▶ [Given information]:

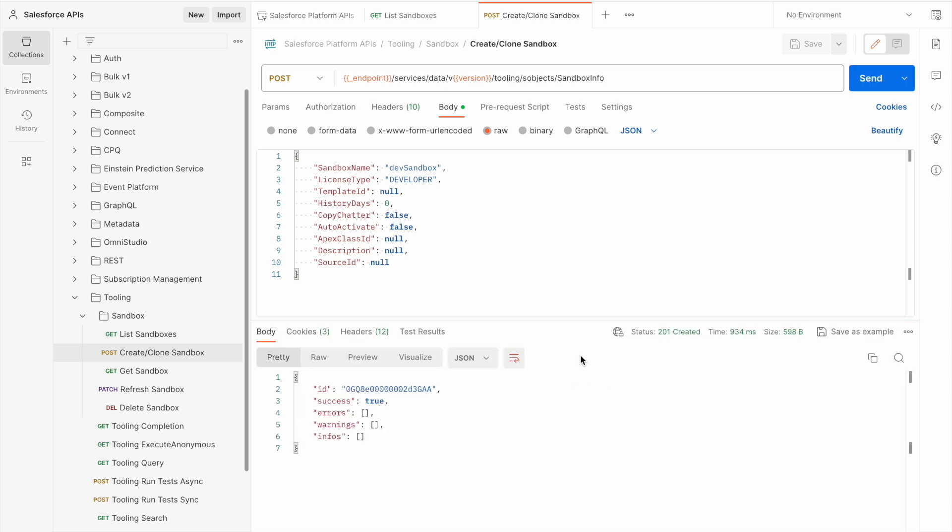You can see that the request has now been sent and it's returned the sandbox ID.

==

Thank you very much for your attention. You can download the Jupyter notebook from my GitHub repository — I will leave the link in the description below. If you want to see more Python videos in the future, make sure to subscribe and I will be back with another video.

--

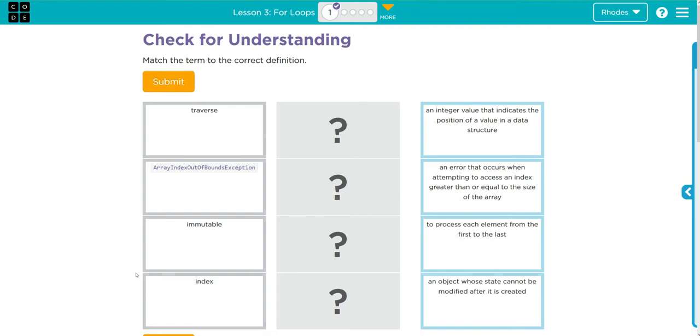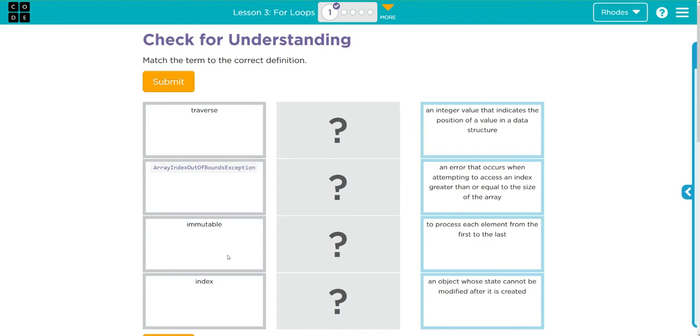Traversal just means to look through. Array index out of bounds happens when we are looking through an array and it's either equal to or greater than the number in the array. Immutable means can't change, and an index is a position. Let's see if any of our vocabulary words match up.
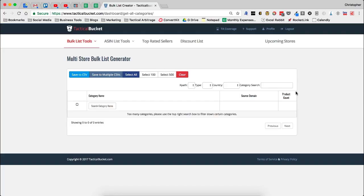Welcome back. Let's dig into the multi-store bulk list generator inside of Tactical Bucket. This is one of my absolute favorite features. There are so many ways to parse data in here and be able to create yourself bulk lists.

▶ [Problem requirements]: Copy exactly the material above from the line with "Traversal just means" to the line with "Welcome back. Let's", ends included, and nothing else. Leave out any picture.

▶ [Exercise output]:
Traversal just means to look through. Array index out of bounds happens when we are looking through an array and it's either equal to or greater than the number in the array. Immutable means can't change, and an index is a position. Let's see if any of our vocabulary words match up.
Welcome back. Let's dig into the multi-store bulk list generator inside of Tactical Bucket. This is one of my absolute favorite features. There are so many ways to parse data in here and be able to create yourself bulk lists.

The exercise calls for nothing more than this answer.